Task details -> Within the data below, count the lines that include the word "showing". Provide the number and nothing further.
>>>
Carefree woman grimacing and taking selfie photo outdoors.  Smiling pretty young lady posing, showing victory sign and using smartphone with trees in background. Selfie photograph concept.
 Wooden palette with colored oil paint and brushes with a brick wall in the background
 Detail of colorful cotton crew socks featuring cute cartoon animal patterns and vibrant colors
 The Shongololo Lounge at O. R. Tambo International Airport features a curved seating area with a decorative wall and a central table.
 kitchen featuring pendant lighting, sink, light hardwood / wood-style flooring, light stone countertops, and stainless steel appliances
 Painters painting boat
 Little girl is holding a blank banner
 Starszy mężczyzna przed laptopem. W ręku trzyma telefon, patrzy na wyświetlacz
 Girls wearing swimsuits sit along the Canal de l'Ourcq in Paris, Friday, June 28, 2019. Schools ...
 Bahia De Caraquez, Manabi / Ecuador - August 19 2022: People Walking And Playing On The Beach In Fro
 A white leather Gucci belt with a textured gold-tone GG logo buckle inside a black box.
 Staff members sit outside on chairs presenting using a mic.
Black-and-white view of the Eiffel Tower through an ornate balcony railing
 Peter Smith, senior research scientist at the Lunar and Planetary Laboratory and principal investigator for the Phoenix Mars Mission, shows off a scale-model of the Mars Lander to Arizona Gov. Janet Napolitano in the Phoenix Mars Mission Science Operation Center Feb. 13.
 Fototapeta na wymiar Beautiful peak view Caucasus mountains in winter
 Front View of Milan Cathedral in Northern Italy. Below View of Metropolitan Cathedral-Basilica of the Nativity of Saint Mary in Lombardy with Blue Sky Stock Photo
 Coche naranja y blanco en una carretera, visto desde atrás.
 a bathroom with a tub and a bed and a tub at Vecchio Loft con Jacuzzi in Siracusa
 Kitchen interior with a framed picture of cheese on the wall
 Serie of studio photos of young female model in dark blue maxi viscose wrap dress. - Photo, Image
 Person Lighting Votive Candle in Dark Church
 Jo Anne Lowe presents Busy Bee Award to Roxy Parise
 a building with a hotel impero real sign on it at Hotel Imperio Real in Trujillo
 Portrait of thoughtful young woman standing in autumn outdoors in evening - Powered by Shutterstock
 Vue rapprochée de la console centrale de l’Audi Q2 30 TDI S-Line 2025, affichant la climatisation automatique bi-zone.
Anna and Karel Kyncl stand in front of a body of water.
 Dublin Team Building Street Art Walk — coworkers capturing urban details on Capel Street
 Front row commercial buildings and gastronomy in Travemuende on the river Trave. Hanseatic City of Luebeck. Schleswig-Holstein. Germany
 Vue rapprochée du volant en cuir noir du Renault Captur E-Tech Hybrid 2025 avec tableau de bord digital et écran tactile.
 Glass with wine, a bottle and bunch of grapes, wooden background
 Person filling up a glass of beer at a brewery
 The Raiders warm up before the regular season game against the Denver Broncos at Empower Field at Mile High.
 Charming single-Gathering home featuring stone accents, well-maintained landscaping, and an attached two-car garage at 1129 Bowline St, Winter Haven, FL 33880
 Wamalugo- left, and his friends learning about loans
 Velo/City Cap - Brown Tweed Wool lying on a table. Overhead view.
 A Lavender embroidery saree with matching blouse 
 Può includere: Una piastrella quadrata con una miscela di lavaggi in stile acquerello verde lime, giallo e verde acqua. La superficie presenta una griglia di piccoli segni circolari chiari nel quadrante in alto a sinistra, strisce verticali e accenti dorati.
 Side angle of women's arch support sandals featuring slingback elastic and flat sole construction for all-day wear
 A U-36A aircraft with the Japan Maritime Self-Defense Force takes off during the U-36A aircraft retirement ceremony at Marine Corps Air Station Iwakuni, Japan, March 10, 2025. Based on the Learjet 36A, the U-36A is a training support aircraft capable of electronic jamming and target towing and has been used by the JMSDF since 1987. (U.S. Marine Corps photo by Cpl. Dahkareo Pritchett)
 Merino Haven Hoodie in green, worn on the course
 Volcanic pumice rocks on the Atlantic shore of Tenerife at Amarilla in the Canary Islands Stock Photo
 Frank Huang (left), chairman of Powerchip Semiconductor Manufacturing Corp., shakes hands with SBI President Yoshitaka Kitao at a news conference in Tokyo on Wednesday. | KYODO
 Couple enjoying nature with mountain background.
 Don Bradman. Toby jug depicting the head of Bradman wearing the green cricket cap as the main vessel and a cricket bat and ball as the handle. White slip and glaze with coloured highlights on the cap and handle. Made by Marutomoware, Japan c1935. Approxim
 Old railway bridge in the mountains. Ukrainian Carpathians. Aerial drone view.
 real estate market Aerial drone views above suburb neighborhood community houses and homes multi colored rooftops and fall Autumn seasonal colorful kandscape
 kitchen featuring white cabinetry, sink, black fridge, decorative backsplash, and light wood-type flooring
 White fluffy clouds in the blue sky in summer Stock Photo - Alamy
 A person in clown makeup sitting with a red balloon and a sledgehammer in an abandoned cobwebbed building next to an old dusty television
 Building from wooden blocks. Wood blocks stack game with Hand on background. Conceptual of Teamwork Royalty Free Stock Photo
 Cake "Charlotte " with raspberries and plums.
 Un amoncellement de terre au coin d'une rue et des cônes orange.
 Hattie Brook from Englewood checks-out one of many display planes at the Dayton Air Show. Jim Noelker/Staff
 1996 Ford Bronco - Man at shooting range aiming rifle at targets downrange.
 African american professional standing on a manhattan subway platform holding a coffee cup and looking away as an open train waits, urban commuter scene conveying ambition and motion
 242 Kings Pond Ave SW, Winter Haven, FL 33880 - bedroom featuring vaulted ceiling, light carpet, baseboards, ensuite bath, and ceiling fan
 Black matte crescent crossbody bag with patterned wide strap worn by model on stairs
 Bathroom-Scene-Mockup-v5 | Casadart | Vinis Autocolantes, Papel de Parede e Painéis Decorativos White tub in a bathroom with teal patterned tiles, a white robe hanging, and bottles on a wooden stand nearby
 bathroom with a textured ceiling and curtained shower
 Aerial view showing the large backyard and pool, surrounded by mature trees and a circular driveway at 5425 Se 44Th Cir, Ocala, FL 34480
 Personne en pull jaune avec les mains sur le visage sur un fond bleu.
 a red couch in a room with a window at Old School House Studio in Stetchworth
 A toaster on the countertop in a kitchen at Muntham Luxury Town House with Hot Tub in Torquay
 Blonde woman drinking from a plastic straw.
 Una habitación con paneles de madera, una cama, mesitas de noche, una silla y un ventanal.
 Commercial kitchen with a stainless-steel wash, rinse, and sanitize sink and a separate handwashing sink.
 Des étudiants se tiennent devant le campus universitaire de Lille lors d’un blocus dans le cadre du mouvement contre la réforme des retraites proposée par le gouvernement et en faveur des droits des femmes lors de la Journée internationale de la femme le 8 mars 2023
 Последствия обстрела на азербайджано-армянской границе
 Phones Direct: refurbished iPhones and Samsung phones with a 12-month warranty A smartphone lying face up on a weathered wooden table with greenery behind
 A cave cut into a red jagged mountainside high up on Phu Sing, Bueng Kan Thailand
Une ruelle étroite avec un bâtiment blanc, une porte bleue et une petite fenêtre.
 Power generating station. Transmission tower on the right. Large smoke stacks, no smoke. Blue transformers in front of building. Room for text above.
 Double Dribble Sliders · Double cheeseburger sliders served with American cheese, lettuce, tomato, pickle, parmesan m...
<<<
The completed task -> 2